*Work task*: What you return must match the entries word for word, minus the pictures.

*Task material*:
┌──

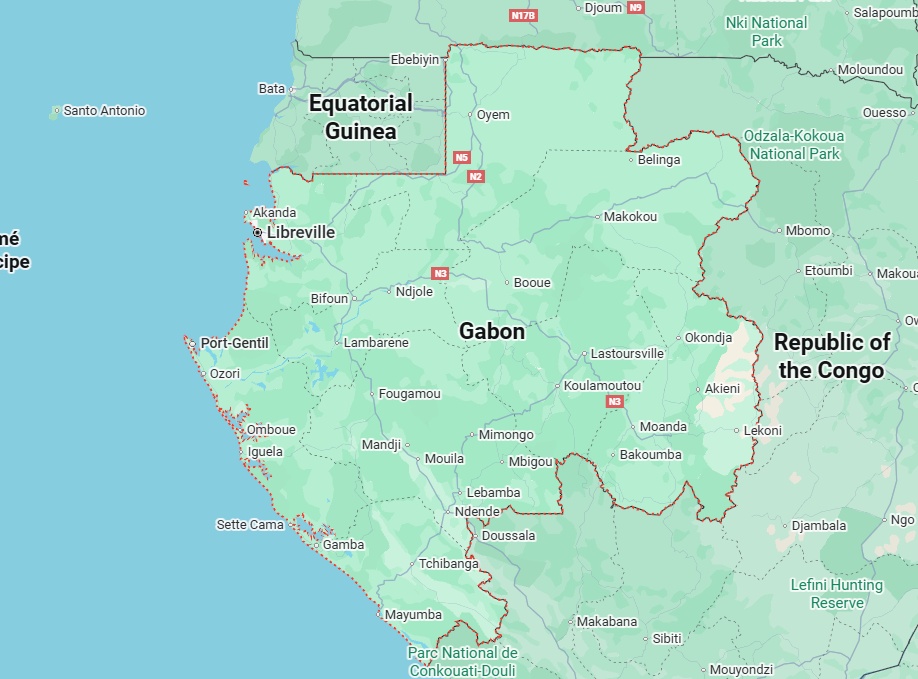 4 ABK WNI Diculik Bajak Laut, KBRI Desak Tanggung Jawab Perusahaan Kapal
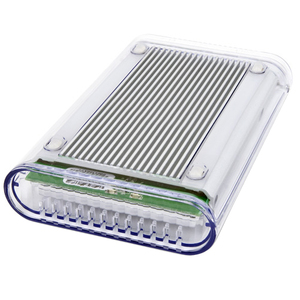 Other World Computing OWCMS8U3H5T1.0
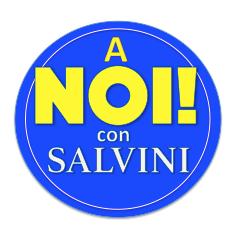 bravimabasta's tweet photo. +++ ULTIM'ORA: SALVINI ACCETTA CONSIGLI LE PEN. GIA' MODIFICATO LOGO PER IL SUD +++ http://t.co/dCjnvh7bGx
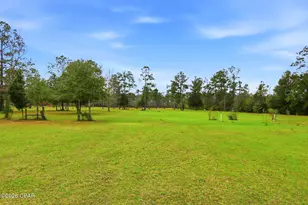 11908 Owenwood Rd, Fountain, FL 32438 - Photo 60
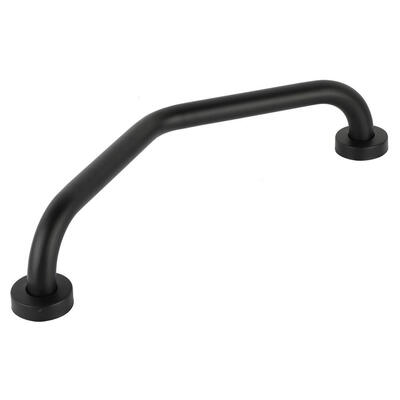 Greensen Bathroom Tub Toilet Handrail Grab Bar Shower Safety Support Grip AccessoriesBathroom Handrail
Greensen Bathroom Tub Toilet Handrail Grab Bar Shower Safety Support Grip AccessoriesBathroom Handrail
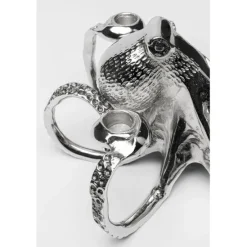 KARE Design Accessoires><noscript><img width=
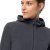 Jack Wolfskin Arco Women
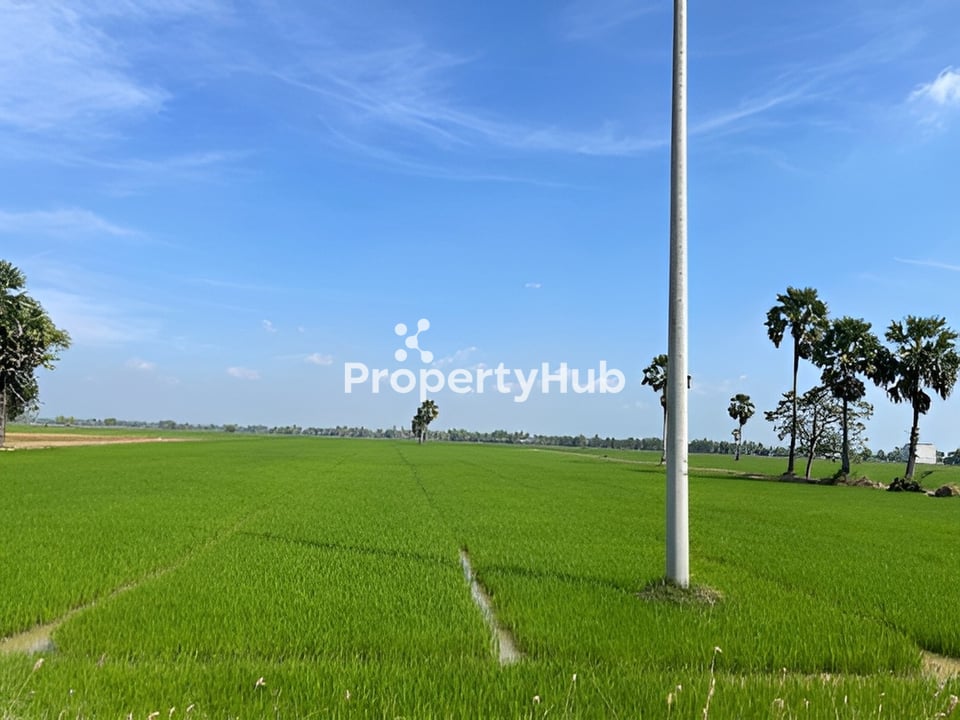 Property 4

└──

*Answer for this exercise*:
 4 ABK WNI Diculik Bajak Laut, KBRI Desak Tanggung Jawab Perusahaan Kapal
 Other World Computing OWCMS8U3H5T1.0
 bravimabasta's tweet photo. +++ ULTIM'ORA: SALVINI ACCETTA CONSIGLI LE PEN. GIA' MODIFICATO LOGO PER IL SUD +++ http://t.co/dCjnvh7bGx
 11908 Owenwood Rd, Fountain, FL 32438 - Photo 60
 Greensen Bathroom Tub Toilet Handrail Grab Bar Shower Safety Support Grip AccessoriesBathroom Handrail
Greensen Bathroom Tub Toilet Handrail Grab Bar Shower Safety Support Grip AccessoriesBathroom Handrail
 KARE Design Accessoires><noscript><img width=
 Jack Wolfskin Arco Women
 Property 4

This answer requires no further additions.